* [Supplied material]
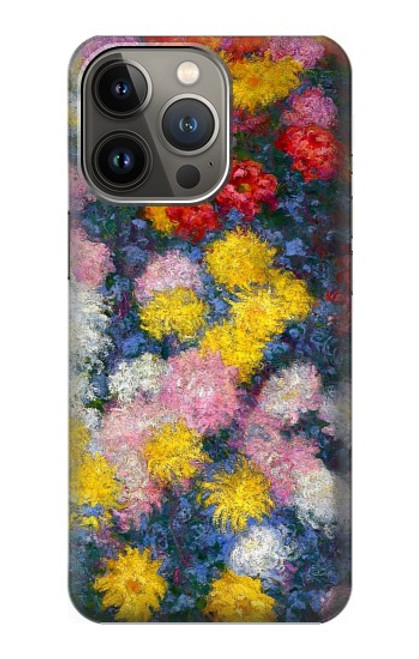 W3342 Claude Monet Chrysanthèmes Etui Coque Housse et Flip Housse Cuir pour iPhone 14 Pro Max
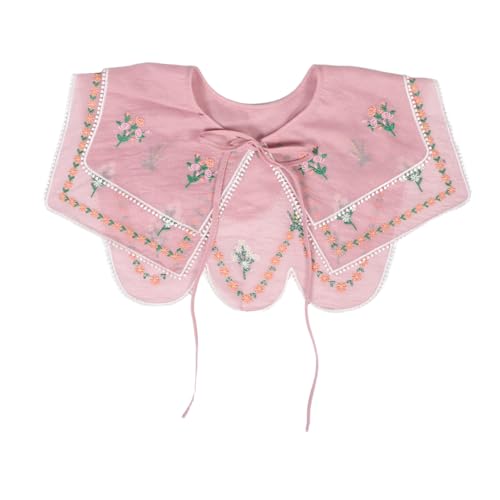 Homoyoyo Abnehmbarer Bestickter Falscher Kragen Schal Lätzchen Im Ethno Stil Dekorativer Kragen Mit Blume Für Damenkleider Und Röcke Kleidungszubehör von Homoyoyo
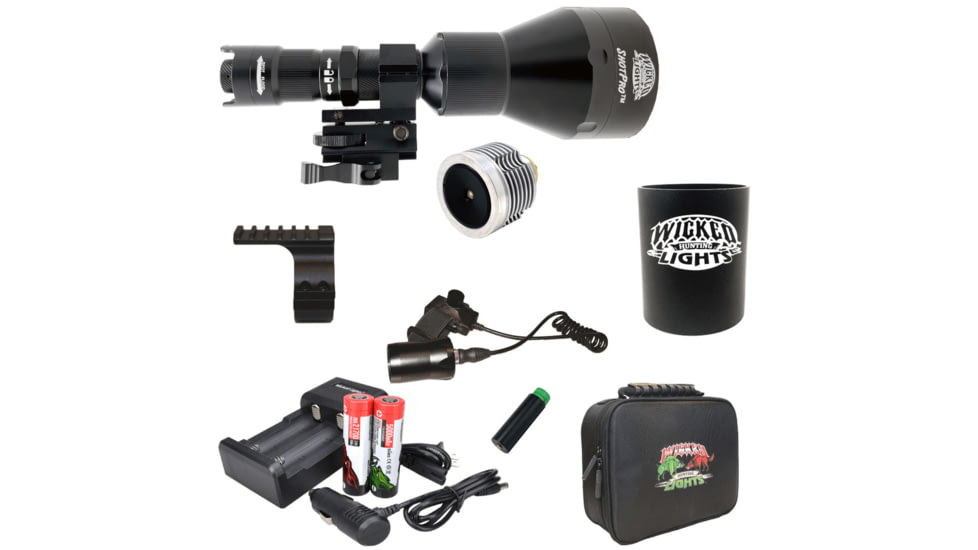 Wicked Hunting Lights ShotPro Red Ultra-Max LED Extreme Range Night Hunting Light Kit, Black, W2093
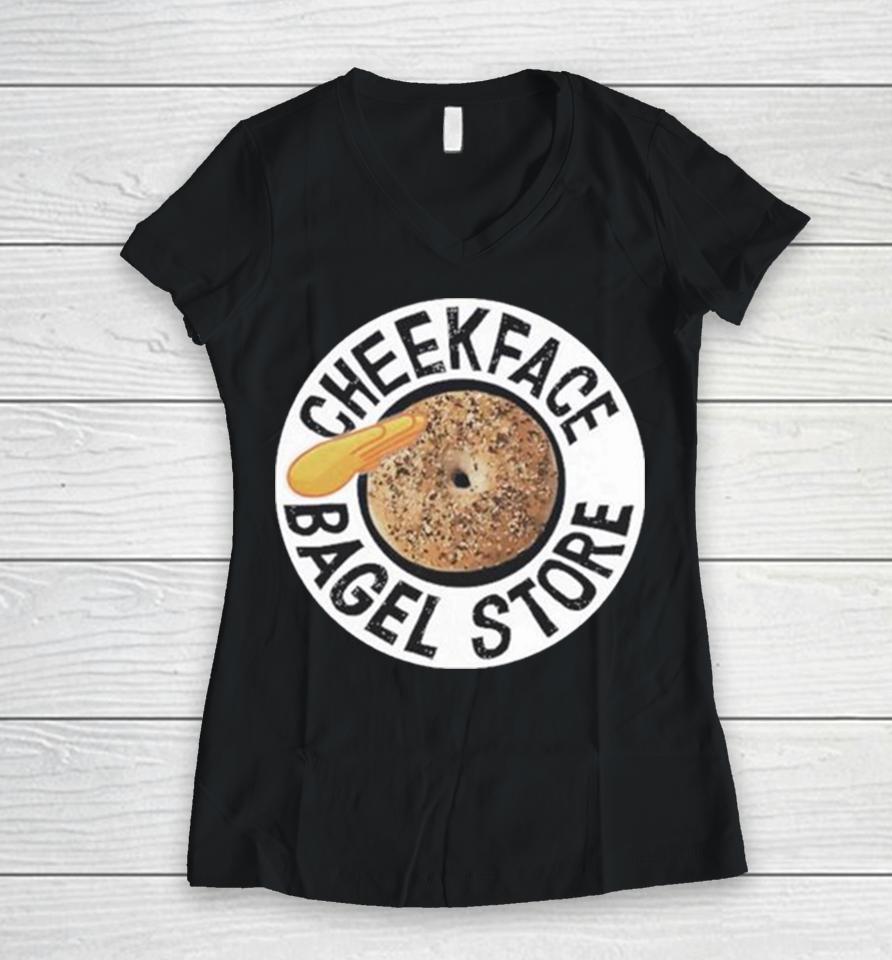 Cheekface Bagel Donut Black Sesame, White Sesame Women V-Neck T-Shirt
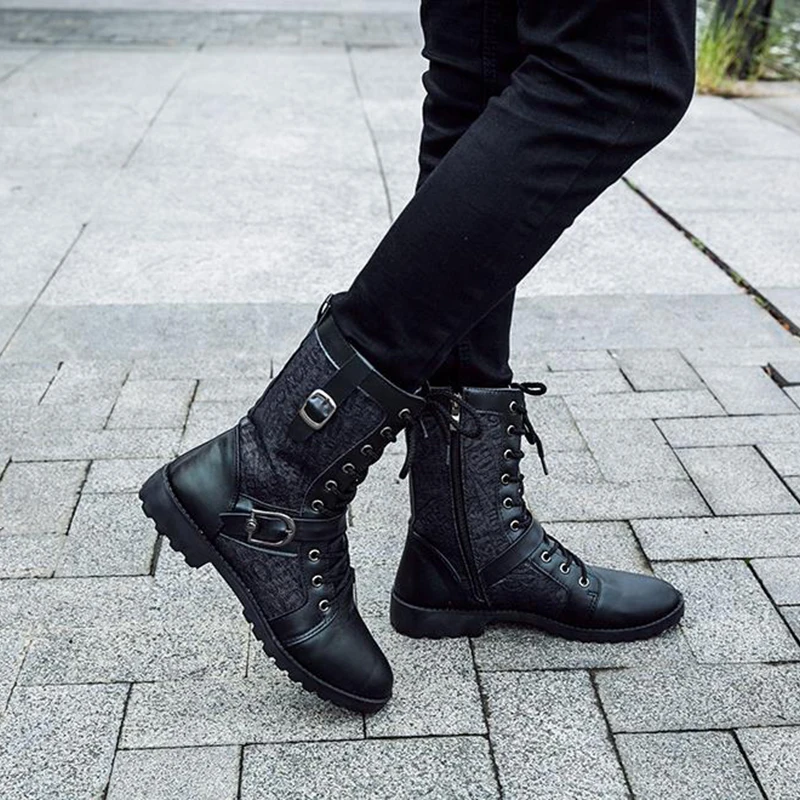 Мужские черные армейские ботинки в стиле ретро с пряжкой панк уличные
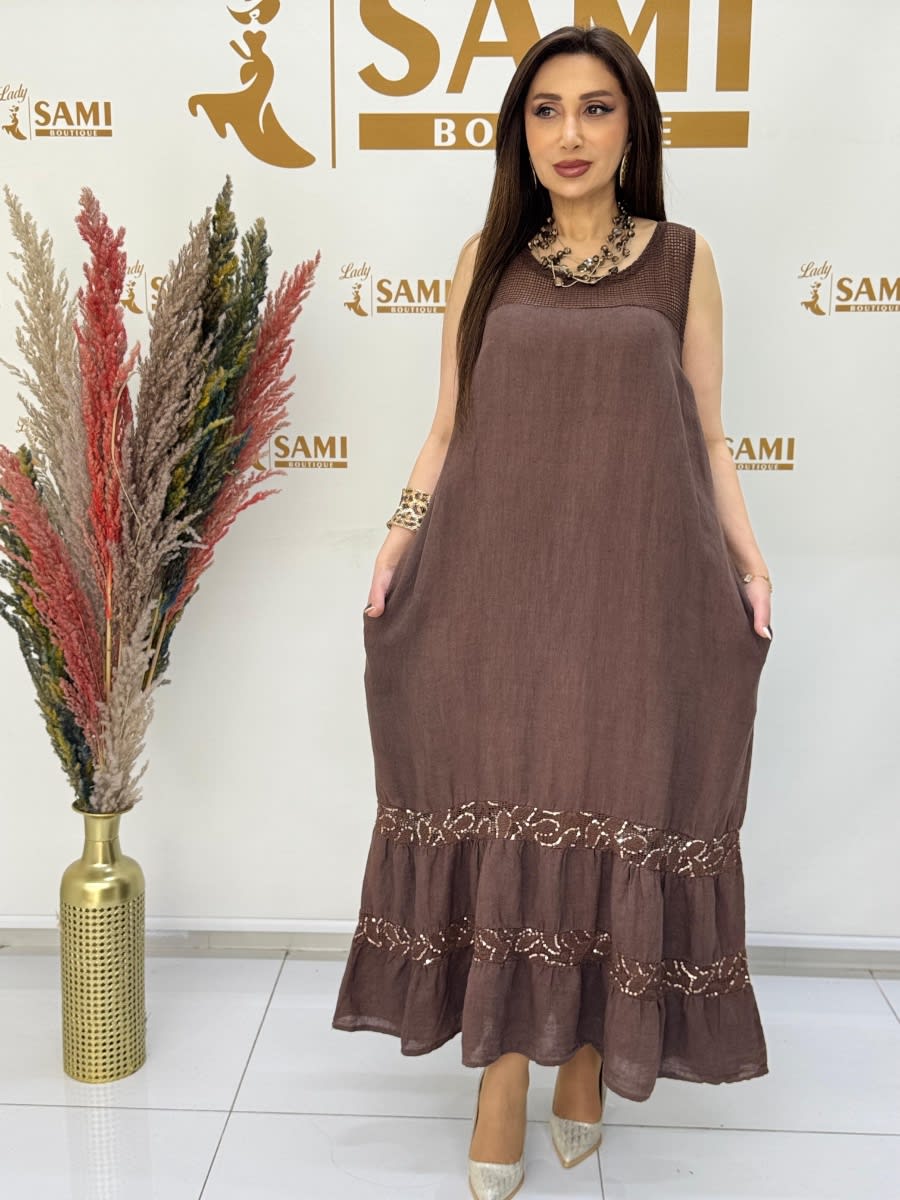 Chocolate Linen Dress 6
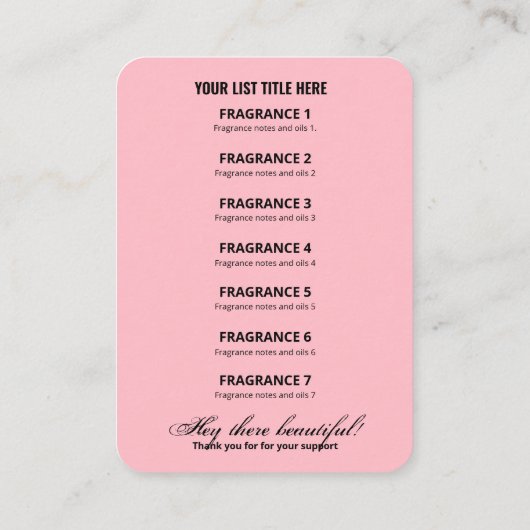 Botanische tropische roze Kaart productprijslijst Visitekaartje (Achterkant)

* [What you have to do] Reproduce the lines above exactly, please, but not the pictures in them.

* [Response to this task]
 W3342 Claude Monet Chrysanthèmes Etui Coque Housse et Flip Housse Cuir pour iPhone 14 Pro Max
 Homoyoyo Abnehmbarer Bestickter Falscher Kragen Schal Lätzchen Im Ethno Stil Dekorativer Kragen Mit Blume Für Damenkleider Und Röcke Kleidungszubehör von Homoyoyo
 Wicked Hunting Lights ShotPro Red Ultra-Max LED Extreme Range Night Hunting Light Kit, Black, W2093
 Cheekface Bagel Donut Black Sesame, White Sesame Women V-Neck T-Shirt
 Мужские черные армейские ботинки в стиле ретро с пряжкой панк уличные
 Chocolate Linen Dress 6
 Botanische tropische roze Kaart productprijslijst Visitekaartje (Achterkant)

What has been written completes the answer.